I think that the answer has to be yes, since it is not clear anymore what key characteristics differentiates the professionals from the amateurs. If it is about the training, or the ability to make a living out of photography? I do not know. Having said that, digital photography and the advance of technology have certainly contributed to this.
What is your team of habitual collaborators like?
I am totally on my own. Occasionally I work with a make-up artist to support with make-up and hair.
With which other photographers do you normally team up with or do sessions with?
I like to work on my own.
Do you consider yourself more technical or more artistic?
Neither, I just try to make beautiful pictures. It is all about getting everything in the right balance.
What have you learned about the art of framing and composition?
Composition is key. At the same time, i.e. during a shoot, it should come completely naturally. There is no time to "think" about it. You can improve by being critical to what you see, but at the time of the shoot, ie. with models, it needs to come to you naturally.

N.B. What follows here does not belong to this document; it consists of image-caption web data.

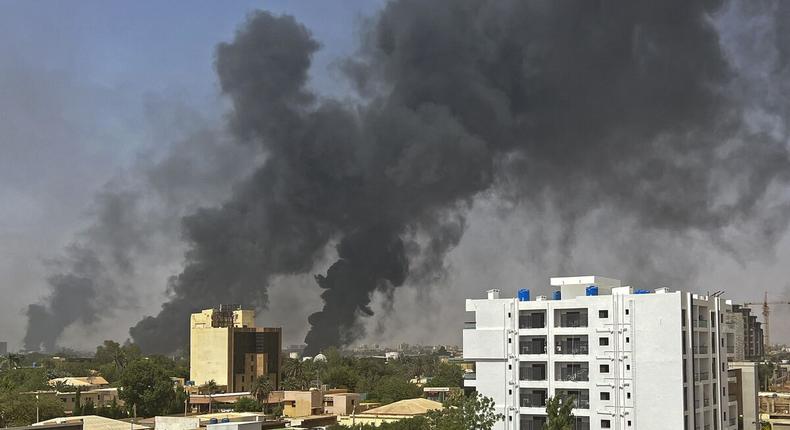 Smoke billows above residential buildings in Khartoum on as fighting in Sudan raged for a second day on April 16.Source: AFP/Getty Images.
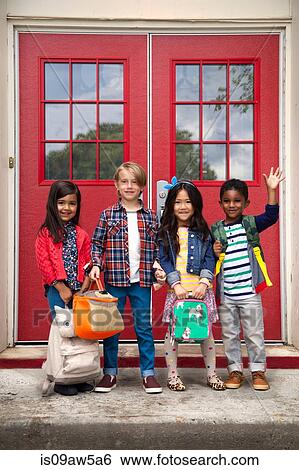 Portrait of elementary schoolgirls and boys waving from elementary school doorway View Large Photo Image Stock Photograph - Portrait of elementary schoolgirls and boys waving from elementary school doorway. Fotosearch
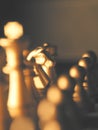 Selective-focus shot of the chess golden knight figure on a chessboard Royalty Free Stock Photo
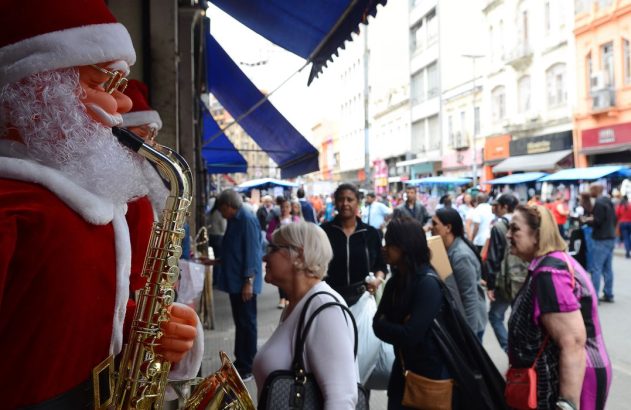 Estátua de Papai Noel com saxofone em rua comercial movimentada com pessoas.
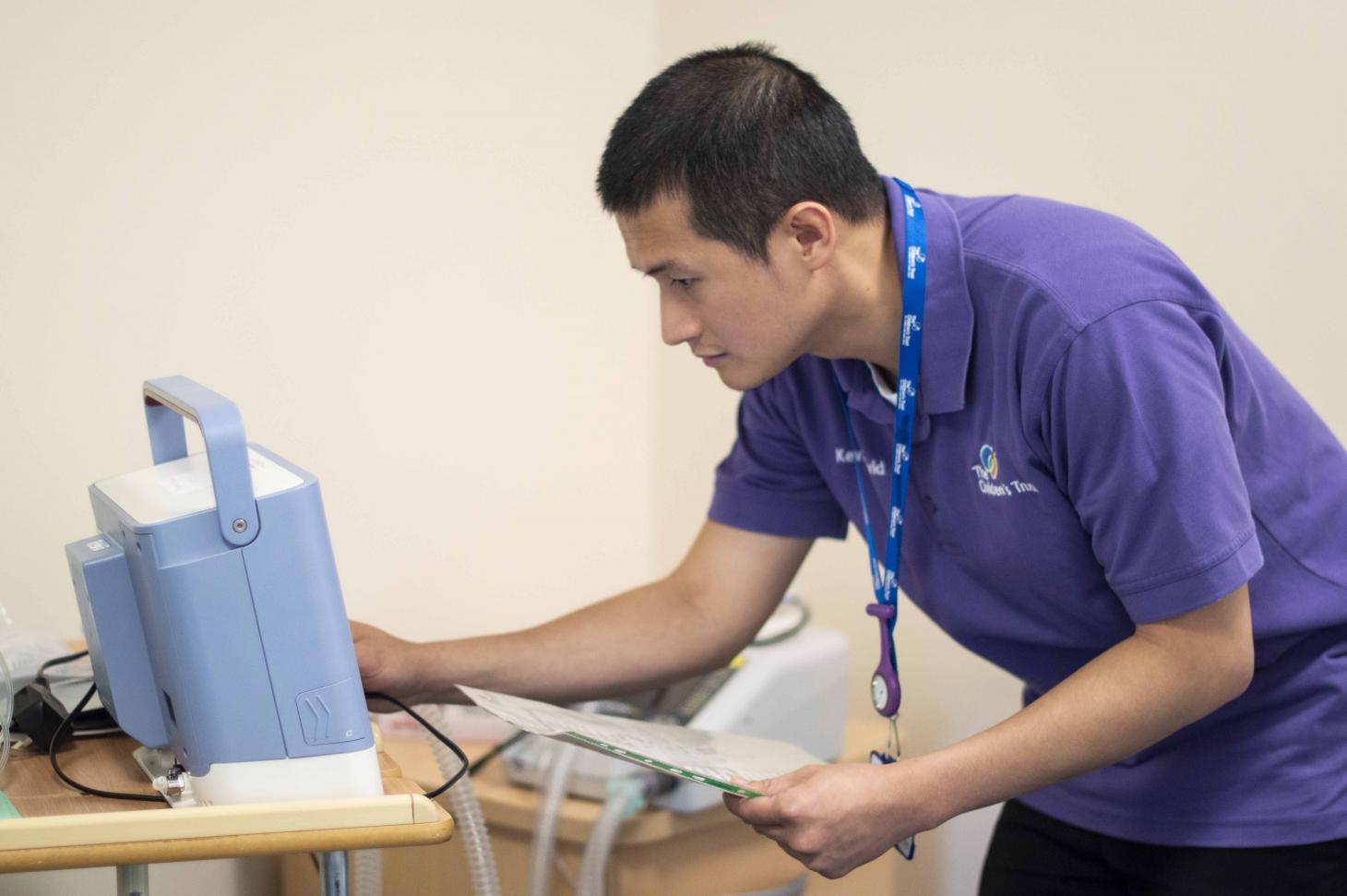 Nurse using ventilator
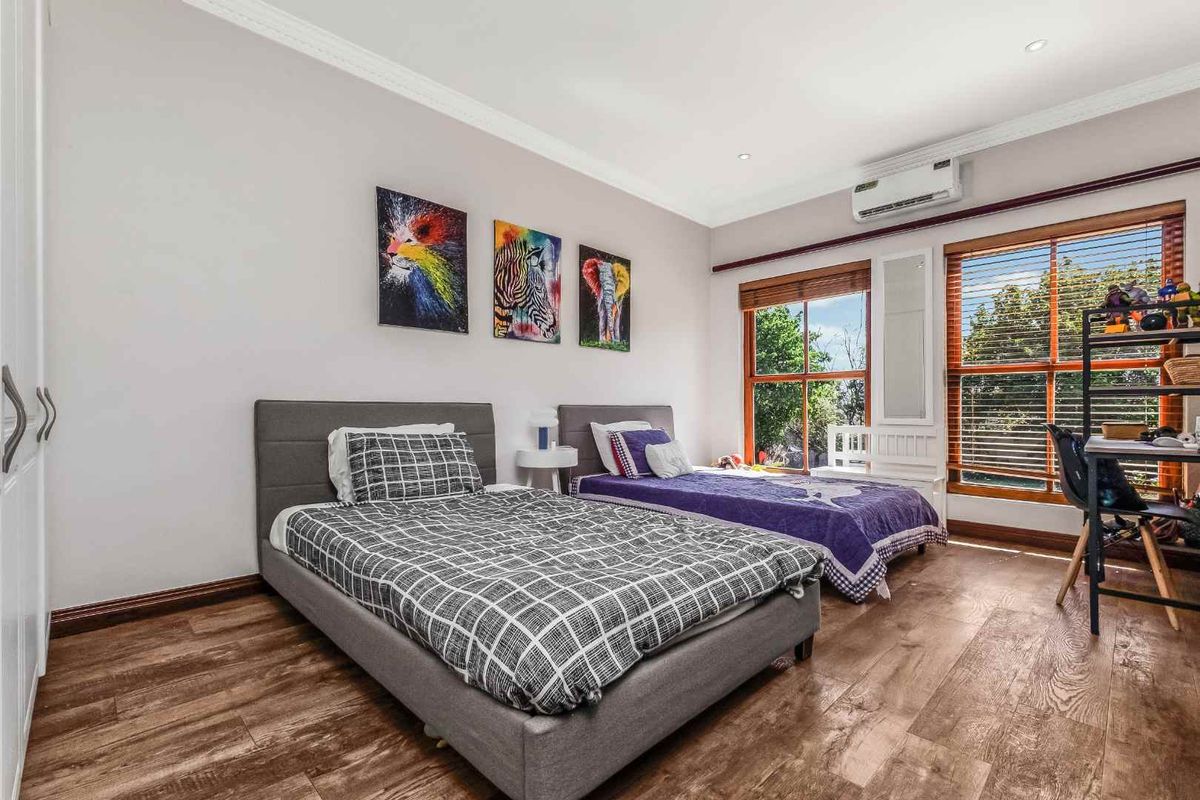 A well-maintained bedroom featuring timber-look flooring, built-in wardrobes, and a split-system air conditioner, with large windows providing natural light.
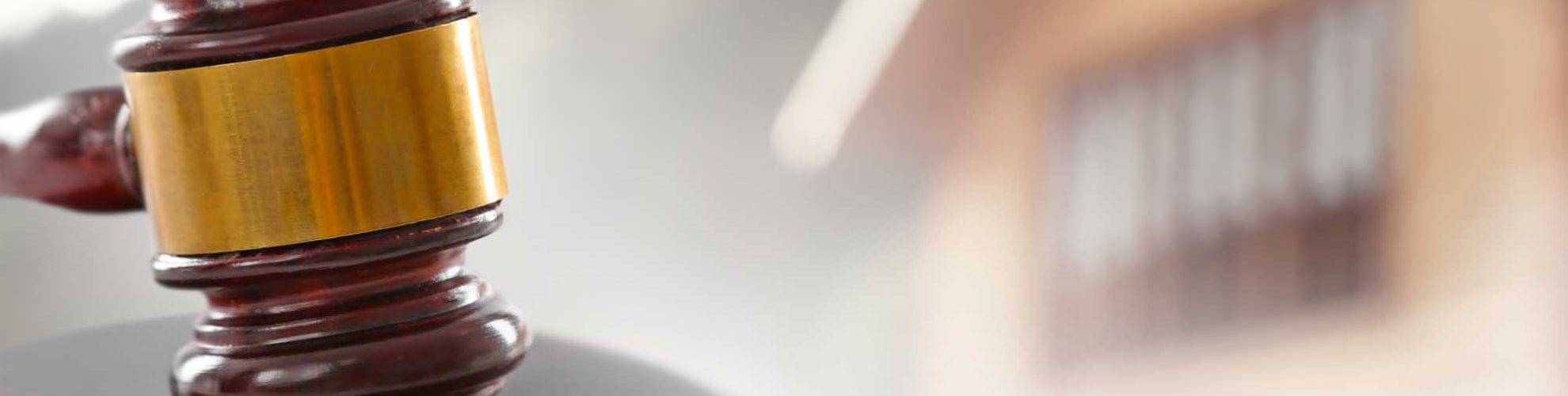 gavel with home in the background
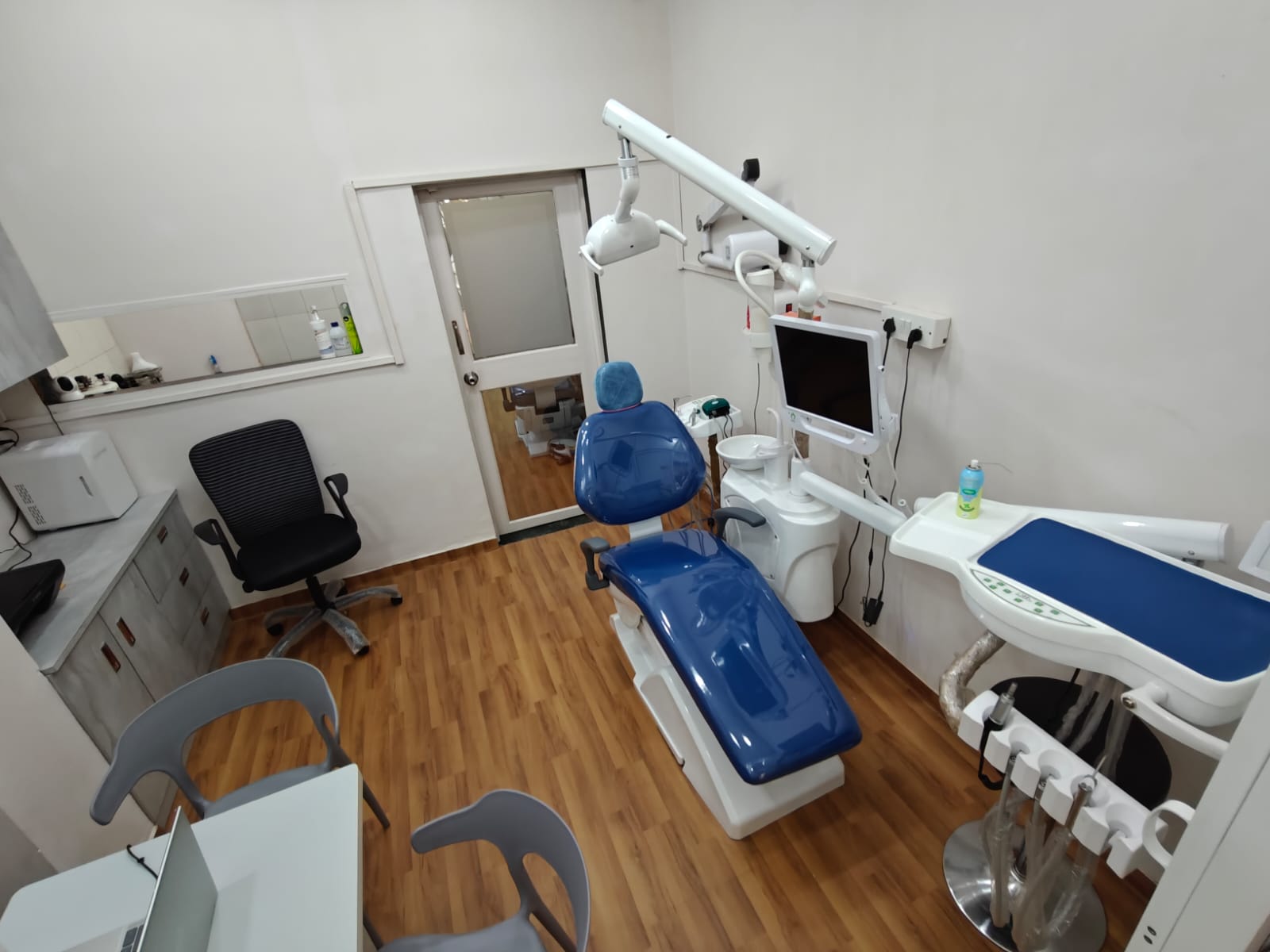 Dental Clinic - Doctor treating patient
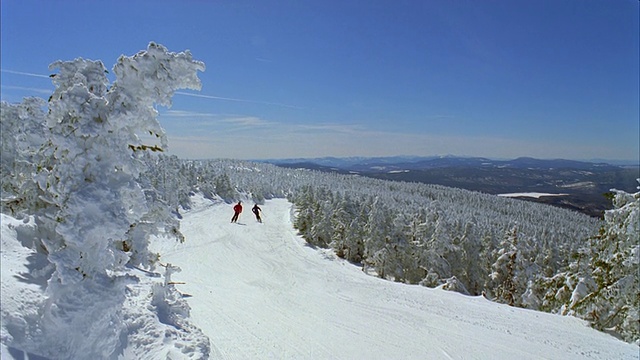 一对夫妇在新英格兰传统的积雪滑雪坡上滑雪/兰吉利，缅因州，美国视频素材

With regard to framing, I have a strong preference for squares and 4x5. 24x35mm is for me too long, it doesn't work for me well.
How does one develop the instinct of knowing when to press the shutter release button?
Practice, practice, practice and being harsh on your own failures.
When should one use film, and when should one use digital?
It is like with cooking. Certain dishes take time to get to the full flavour. Also, it is a different process. I find this kind of slow cooking still extremely good for portraits, fine art nudes and landscapes. But the key thing is that one needs time to do it right. (BTW, I occasionally only use B&W 4x5 inch for "slow cooking". It is a wonderfull process.)
Does photography have the recognition that it should have in contemporary art museums?
Yes, I guess it the right recognition these days.
Which websites for photographers do you frequently visit?
See for this the list on my site: http://infocast.nl/photographers/
Is there any particular technique that you could share?
Photography of people is about communication. The key thing is to communicate. The rest is easy.